*DATA FOR THIS EXERCISE*:
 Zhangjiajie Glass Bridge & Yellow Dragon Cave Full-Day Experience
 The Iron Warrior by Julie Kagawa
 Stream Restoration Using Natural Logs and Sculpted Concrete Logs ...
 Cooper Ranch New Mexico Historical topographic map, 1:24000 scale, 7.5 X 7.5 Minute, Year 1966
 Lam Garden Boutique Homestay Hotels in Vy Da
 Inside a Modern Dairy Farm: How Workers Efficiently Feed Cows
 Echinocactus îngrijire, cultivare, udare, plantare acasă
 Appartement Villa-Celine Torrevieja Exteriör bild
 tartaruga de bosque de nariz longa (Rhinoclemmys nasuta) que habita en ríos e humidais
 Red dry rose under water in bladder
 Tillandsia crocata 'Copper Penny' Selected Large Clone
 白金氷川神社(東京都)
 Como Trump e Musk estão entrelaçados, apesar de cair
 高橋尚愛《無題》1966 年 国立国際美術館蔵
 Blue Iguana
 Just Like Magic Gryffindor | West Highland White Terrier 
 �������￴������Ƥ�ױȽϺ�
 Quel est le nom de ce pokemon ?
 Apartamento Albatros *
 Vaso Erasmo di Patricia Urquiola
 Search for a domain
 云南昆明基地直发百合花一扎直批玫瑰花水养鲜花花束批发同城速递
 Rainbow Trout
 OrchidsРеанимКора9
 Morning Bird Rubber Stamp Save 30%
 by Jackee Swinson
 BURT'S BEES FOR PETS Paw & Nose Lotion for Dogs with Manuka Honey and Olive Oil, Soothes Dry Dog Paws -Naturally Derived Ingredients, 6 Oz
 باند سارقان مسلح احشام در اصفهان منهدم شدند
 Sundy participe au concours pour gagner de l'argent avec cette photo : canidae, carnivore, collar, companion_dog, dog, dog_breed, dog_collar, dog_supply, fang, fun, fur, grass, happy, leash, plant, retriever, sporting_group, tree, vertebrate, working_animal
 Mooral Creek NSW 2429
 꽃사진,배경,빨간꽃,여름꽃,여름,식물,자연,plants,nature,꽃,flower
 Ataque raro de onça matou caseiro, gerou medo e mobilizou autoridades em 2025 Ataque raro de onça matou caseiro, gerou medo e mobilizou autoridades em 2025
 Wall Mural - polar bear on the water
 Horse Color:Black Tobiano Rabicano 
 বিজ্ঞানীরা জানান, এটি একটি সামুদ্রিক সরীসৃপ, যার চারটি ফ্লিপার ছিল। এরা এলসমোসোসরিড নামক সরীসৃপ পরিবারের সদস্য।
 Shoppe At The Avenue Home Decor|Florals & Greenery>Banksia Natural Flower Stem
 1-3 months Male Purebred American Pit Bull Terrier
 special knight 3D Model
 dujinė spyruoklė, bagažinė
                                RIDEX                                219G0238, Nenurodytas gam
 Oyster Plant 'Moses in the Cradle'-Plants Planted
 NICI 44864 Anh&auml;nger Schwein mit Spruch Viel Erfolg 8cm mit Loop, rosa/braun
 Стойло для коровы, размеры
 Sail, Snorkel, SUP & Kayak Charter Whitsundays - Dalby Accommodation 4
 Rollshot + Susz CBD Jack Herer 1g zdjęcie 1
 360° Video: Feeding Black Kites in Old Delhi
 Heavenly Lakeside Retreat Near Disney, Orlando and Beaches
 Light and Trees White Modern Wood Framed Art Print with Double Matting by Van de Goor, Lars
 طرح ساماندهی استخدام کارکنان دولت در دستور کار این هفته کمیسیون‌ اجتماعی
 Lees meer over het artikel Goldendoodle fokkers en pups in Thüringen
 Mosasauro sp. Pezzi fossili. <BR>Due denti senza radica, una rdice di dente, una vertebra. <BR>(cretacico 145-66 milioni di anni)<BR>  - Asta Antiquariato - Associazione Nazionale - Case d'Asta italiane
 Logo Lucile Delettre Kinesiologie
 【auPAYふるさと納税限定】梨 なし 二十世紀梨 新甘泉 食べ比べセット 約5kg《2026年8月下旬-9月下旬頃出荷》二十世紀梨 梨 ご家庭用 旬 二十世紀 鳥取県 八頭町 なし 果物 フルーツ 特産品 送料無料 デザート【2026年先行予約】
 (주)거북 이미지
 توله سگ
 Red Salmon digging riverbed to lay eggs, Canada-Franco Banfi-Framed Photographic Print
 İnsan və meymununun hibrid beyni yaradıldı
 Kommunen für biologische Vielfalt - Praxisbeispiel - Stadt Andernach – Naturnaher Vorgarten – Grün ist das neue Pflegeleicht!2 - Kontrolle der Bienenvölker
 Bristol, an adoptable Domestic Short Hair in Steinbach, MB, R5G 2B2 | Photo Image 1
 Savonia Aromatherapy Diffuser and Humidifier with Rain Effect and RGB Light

*TASK TO COMPLETE*: Copy each line holding the word "with" from the listing above.

*RESULT OF THE EXERCISE*:
 BURT'S BEES FOR PETS Paw & Nose Lotion for Dogs with Manuka Honey and Olive Oil, Soothes Dry Dog Paws -Naturally Derived Ingredients, 6 Oz
 Light and Trees White Modern Wood Framed Art Print with Double Matting by Van de Goor, Lars
 Savonia Aromatherapy Diffuser and Humidifier with Rain Effect and RGB Light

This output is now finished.